Les tirs à l'arme automatique ont éclaté, créant un mouvement de panique, alors que le président déchu Kourmanbek Bakiev s'apprêtait à s'adresser à quelque 2 000 partisans, qu'il avait réunis à Och (sud), à environ 500 mètres d'un rassemblement de 3000 partisans du gouvernement intérimaire.

Selon l'agence russe Interfax, ce sont les gardes de M. Bakiev, armés de fusils automatiques, qui ont tiré en l'air. Quelques minutes plus tôt, des échauffourées avaient éclaté entre les partisans du nouveau gouvernement et ceux de l'ancien régime.

Le président déchu a lancé à la foule «Ne courez pas, ne courez pas», mais les manifestants ont tout de même cédé à la panique, fuyant la place en courant et en criant, a constaté un journaliste de l'AFP.

Des témoins ont ensuite vu M. Bakiev monter dans un véhicule tout terrain noir et partir du centre-ville d'Och, accompagné de ses gardes installés dans d'autres voitures.

Quelques dizaines de ses partisans ont ensuite tenté de pénétrer dans le siège de la télévision locale, mais la police les en a empêchés.

«Nous n'avons pas l'intention de recourir à la force, mais nous ne permettrons pas (au président déchu) de plonger le Kirghizistan dans le chaos de la guerre civile», a réagi, devant la presse, Mme Rosa Otounbaïeva, chef du gouvernement par intérim.

M. Bakiev a été renversé la semaine dernière à l'issue d'affrontements sanglants entre forces de l'ordre et manifestants d'opposition, qui ont fait 84 morts dans cette ex-république soviétique où la Russie et les États-Unis disposent chacun d'une base aérienne.

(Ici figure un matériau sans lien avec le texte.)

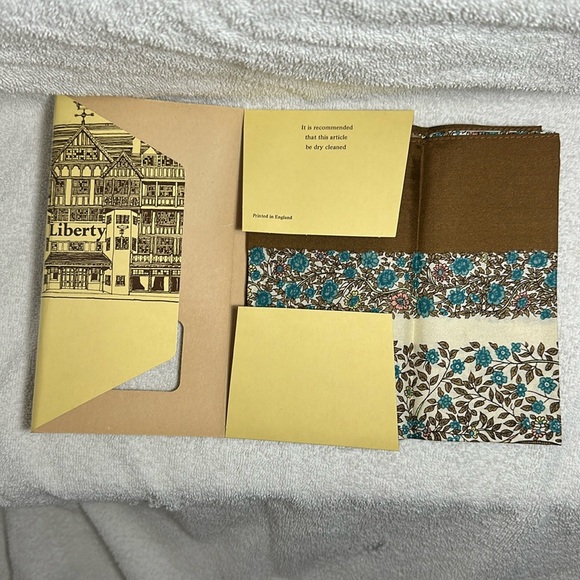 Vintage Liberty of London silk scarf - Picture 6 of 7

Il s'est réfugié dans sa région natale de Djalal-Abad (sud) où il a rassemblé ces derniers jours des milliers de partisans. Le gouvernement provisoire accuse M. Bakiev d'armer ses partisans pour reprendre le pouvoir.

Les relations entre le sud, fief du président déchu, et le nord du Kirghizistan, où la révolte a eu lieu, sont traditionnellement tendues en raison de rivalités claniques et de disparités économiques.

Moscou et Washington ont pour leur part de facto reconnu le gouvernement intérimaire en rencontrant les nouveaux dirigeants.

Le secrétaire d'État américain adjoint pour l'Asie centrale et méridionale Robert Blake est depuis mercredi à Bichkek, alors que la base aérienne américaine au Kirghizistan est essentielle au déploiement des troupes en Afghanistan.

Il s'est déjà entretenu avec Rosa Otounbaïeva, tandis que l'adjoint de cette dernière, Almazbek Atambaïev, a rencontré à Moscou le premier ministre Vladimir Poutine qui a vertement critiqué M. Bakiev mercredi, l'accusant d'avoir «dilapidé, pillé, détruit» les ressources du pays.

Le porte-parole du chef du gouvernement russe, Dmitri Peskov, a par ailleurs indiqué jeudi que M. Poutine s'était entretenu la veille avec le président déchu, sans révéler le contenu de la conversation.

«Les organisations internationales et les dirigeants des grandes puissances font pression sur» Bakiev pour qu'il démissionne, a indiqué Mme Otounbaïeva.

La Russie a annoncé mercredi qu'elle allait faire au Kirghizistan un don de 20 millions de dollars et lui accorder un crédit préférentiel de 30 millions pour aider ce pays au bord de la faillite.

Le gouvernement provisoire tente d'obtenir la démission du président déchu. Celui-ci exige en échange d'obtenir des garanties de sécurité pour lui et sa famille, mais les autorités intérimaires s'y refusent.